• [ABOUT THIS EXERCISE]: Where the entries below show "Nightforce NXS 2.5-10x42mm", begin there and print that line and all following lines exactly, through the last, omitting pictures.

• [Short web captions]:

---

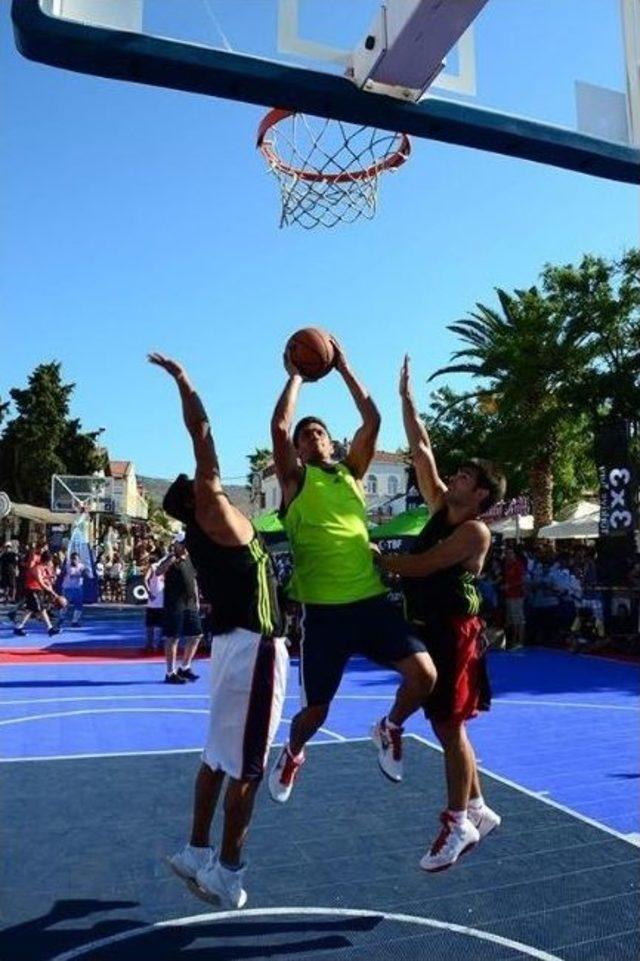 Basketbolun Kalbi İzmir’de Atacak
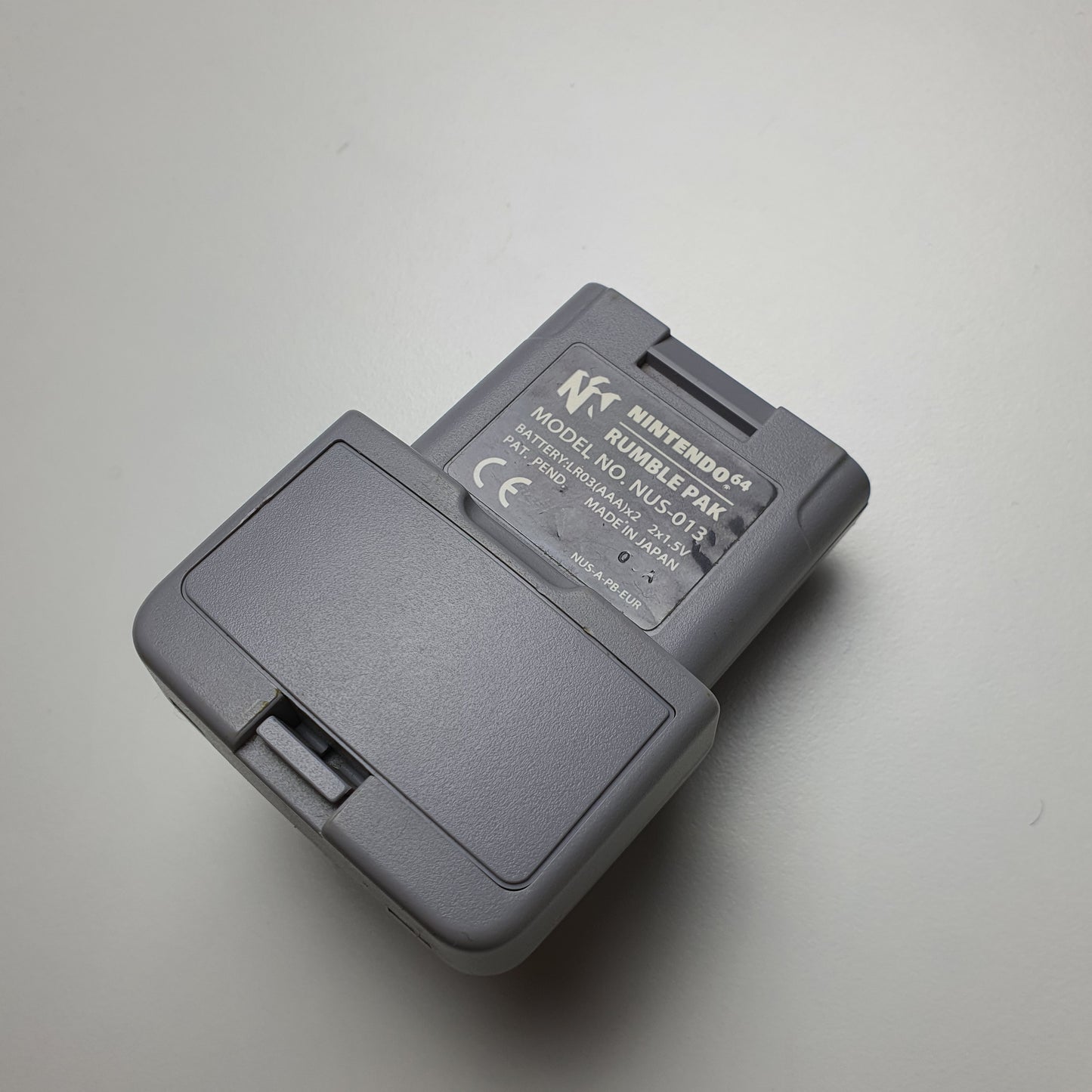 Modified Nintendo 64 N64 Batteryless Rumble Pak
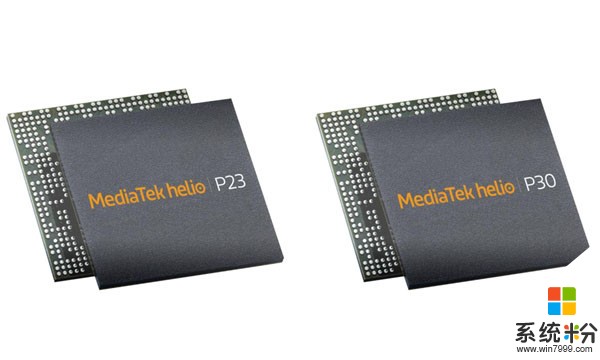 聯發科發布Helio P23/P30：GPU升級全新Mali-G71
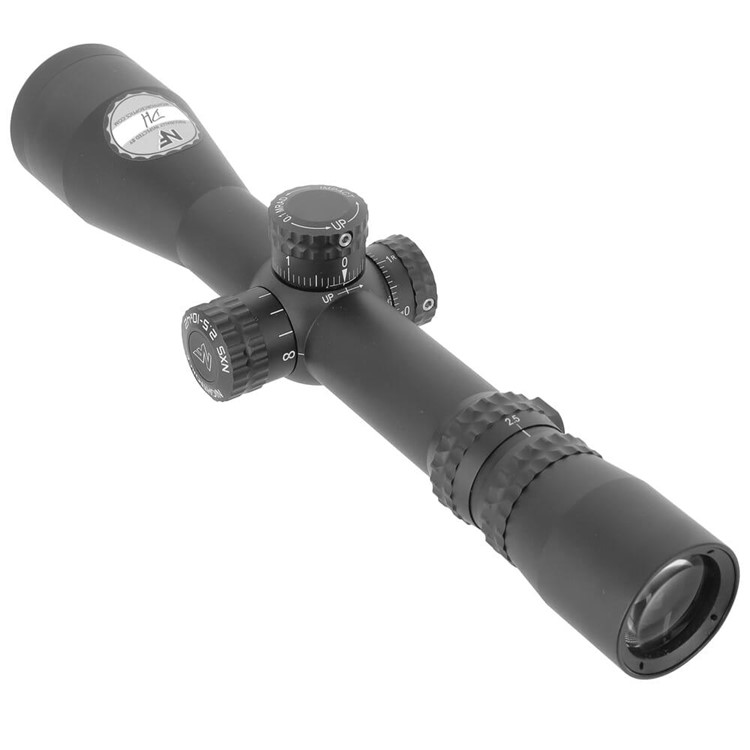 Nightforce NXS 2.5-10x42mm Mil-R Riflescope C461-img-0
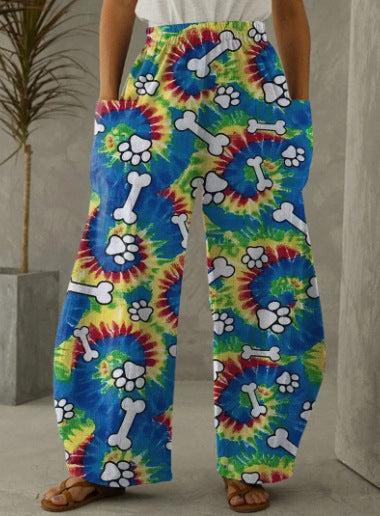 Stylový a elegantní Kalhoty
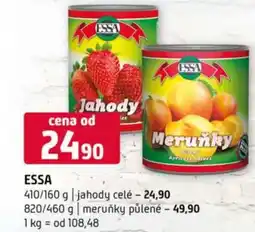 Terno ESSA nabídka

---

• [ANSWER FOR THE TASK]:
 Nightforce NXS 2.5-10x42mm Mil-R Riflescope C461-img-0
 Stylový a elegantní Kalhoty
 Terno ESSA nabídka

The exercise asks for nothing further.